This update has been long overdue. I first wrote about COVID-19 on February 10 – I think it was not even called COVID-19 at that point and people were still calling it coronavirus. Although I have been following the numbers, when I compared my first screenshot from the first post to today’s, my jaw dropped…
It has spread so much in two months. I made a blog post because I was predicting that it would be a serious disease that would likely become a pandemic. And it did. Not much has really changed in terms of the recommendations for practitioners overall from my post. I was anticipating that there would be a shortage of ventilators in the US, but I did not anticipate PPE to become such headline news and controversial.
Regarding PPE (again)
One article really hit home for me and that was how a lot of manufacturing for medical supplies in the United States was done overseas. I can’t even find that article now, but here is one with a similar message, “US wildly dependent on coronavirus-plagued China for basic health-care needs”
The United States wouldn’t outsource the manufacture of fighter planes and tanks to China, a military and economic adversary.
Depending on China for medical and hospital supplies is just as crazy.
Habits and Routines
The focus of this post is on habits and routines. Habits and routines falls under the Occupational Therapy Practice Framework. As OT’s we play a role in considering these two aspects and how it affects our clients. With the COVID-19 global pandemic, all of our habits and routines are affected.
Shelter in place has changed our routine from going out to staying indoors. Extroverts are having a very hard time. Even introverts are facing a challenge with additional family members and roommates being home. Individuals on the autism spectrum are probably also struggling with uncertainty and change in routine. Many are out of work – and work is a big part of our day. Students are now home all day. Parents are faced with the additional stress of homeschooling their children and maybe working still. For those of us who are still working, we are still affected by the shelter in place orders and not going out as much. Our family members are home more often now. We want to visit others, but fear spreading the disease. Thankfully, there are virtual means of social interaction.
It is not easy. There are also many psychosocial challenges that come with a pandemic. Stress, anxiety, depression, etc.
We get lost and worry about the world in front of us. However, COVID-19 is a global pandemic. As the US is such a large country geographically, we naturally see pockets of outbreaks and surge. The state of New York City is much different than a small town like mine in Santa Rosa.
One article really reminded me of how fortunate I am.
All over India, millions of migrant workers are fleeing its shuttered cities and trekking home to their villages.
It’s very interesting how the modern world has migrated from rural to city, and with the outbreak of COVID-19, millions in India are fleeing from the city.
What makes a pandemic challenging, especially for healthcare workers like occupational therapists is how things can change every day and are sometimes contradictory. That can be very challenging for our habits and routines as well. For example, last week, we were told not to wear and to conserve masks. Then we were told we can bring our masks to wear from home and that they are optional. Some hospitals are now mandating masks for healthcare workers.

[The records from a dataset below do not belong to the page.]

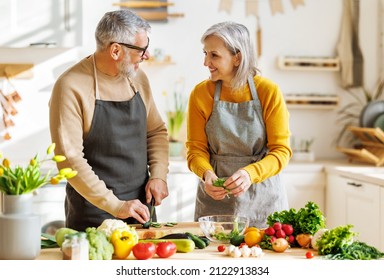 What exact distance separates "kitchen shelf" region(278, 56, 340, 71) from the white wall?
8cm

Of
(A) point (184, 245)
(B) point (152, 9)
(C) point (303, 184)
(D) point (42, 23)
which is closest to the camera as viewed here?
(A) point (184, 245)

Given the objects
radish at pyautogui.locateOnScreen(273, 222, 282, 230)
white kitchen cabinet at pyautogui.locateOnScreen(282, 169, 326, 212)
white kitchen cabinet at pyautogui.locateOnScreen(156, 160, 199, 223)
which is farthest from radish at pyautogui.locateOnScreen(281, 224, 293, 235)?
white kitchen cabinet at pyautogui.locateOnScreen(282, 169, 326, 212)

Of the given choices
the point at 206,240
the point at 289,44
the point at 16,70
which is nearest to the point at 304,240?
the point at 206,240

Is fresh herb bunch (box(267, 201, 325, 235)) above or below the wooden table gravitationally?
above

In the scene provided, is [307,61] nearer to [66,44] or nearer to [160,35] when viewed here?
[160,35]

In light of all this, occupational therapists must take good care of themselves so they can still provide a valuable service to the public – especially if they are still working in hospitals, nursing homes, etc.
Still, not much changes in what we know for health and wellness and that applies to COVID-19.
- Live a balanced life.
- Eat well.
- Rest and sleep. I think this is the most important, as it helps keep our immune system strong should we encounter the virus.
- Stay hydrated.
- Avoid smoking, drinking, drugs.
- Practice proper hand hygiene including not touching your face; teach your kids too.
- Do not visit vulnerable populations (respiratory disorders, elderly).
- Please stay home unless you need to run an errand.